**DESCRIPTION OF THE TASK:** Please repeat the lines below, exactly and only, from the one that holds "dem Truckee River" through the one that holds "Used ECU airbags".

**RECORDS:**
= = = = =

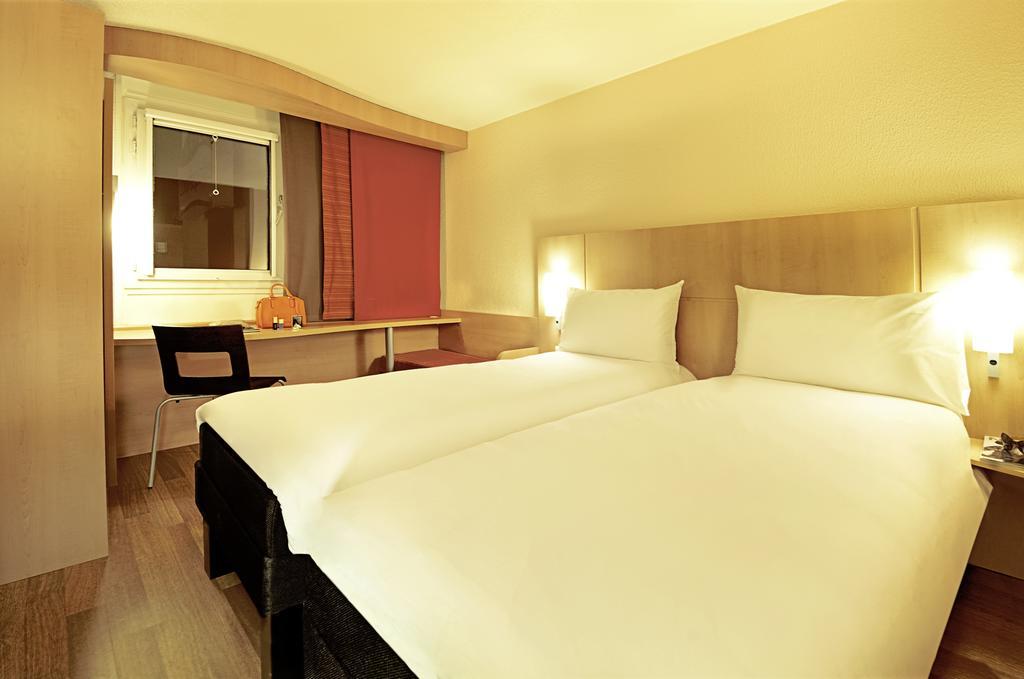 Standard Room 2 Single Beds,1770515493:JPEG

= = = = =

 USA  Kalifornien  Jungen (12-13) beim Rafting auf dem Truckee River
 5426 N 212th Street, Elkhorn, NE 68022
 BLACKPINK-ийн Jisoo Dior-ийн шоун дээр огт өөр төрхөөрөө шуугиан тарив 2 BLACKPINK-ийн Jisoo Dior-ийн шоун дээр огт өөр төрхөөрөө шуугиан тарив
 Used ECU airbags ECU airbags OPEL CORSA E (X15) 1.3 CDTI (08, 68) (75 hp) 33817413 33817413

= = = = =

**WRITTEN SOLUTION:**
 USA  Kalifornien  Jungen (12-13) beim Rafting auf dem Truckee River
 5426 N 212th Street, Elkhorn, NE 68022
 BLACKPINK-ийн Jisoo Dior-ийн шоун дээр огт өөр төрхөөрөө шуугиан тарив 2 BLACKPINK-ийн Jisoo Dior-ийн шоун дээр огт өөр төрхөөрөө шуугиан тарив
 Used ECU airbags ECU airbags OPEL CORSA E (X15) 1.3 CDTI (08, 68) (75 hp) 33817413 33817413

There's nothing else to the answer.